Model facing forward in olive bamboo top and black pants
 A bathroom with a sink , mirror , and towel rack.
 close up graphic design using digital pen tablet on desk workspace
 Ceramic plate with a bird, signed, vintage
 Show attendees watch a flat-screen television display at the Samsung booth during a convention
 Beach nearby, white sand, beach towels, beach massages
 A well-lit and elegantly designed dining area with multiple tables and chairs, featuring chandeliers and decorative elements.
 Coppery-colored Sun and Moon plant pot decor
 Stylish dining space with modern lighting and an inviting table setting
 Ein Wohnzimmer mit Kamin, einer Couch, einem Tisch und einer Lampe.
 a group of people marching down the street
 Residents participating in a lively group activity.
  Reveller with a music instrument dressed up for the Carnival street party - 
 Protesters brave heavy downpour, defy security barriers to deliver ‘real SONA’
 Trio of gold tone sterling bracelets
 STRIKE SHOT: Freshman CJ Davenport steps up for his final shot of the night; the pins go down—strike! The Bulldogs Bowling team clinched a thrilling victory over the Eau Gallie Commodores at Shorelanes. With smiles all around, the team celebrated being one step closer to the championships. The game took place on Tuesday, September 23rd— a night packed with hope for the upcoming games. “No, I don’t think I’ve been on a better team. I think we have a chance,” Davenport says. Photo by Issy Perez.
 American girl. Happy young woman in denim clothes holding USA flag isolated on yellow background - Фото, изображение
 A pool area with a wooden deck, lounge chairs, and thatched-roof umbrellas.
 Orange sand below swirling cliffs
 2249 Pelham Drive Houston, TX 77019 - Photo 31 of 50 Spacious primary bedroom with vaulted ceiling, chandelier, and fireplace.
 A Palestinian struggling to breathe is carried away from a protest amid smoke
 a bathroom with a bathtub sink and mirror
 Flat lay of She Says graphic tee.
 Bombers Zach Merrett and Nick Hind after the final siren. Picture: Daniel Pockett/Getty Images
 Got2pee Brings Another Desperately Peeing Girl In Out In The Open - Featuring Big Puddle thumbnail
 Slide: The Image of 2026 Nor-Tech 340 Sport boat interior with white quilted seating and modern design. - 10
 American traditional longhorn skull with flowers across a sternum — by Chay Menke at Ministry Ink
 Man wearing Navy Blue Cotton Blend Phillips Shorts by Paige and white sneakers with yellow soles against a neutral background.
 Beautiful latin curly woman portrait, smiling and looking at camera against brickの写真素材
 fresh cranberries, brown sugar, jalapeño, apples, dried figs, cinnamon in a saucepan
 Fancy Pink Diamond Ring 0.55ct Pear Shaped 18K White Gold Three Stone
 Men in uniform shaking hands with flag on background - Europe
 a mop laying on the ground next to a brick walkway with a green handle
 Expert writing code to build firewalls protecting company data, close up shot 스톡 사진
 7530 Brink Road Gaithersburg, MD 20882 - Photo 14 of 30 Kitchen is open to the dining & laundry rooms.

WHAT TO DO: Report every line from the listing above where the string "American" can be found.

TASK OUTPUT:
 American girl. Happy young woman in denim clothes holding USA flag isolated on yellow background - Фото, изображение
 American traditional longhorn skull with flowers across a sternum — by Chay Menke at Ministry Ink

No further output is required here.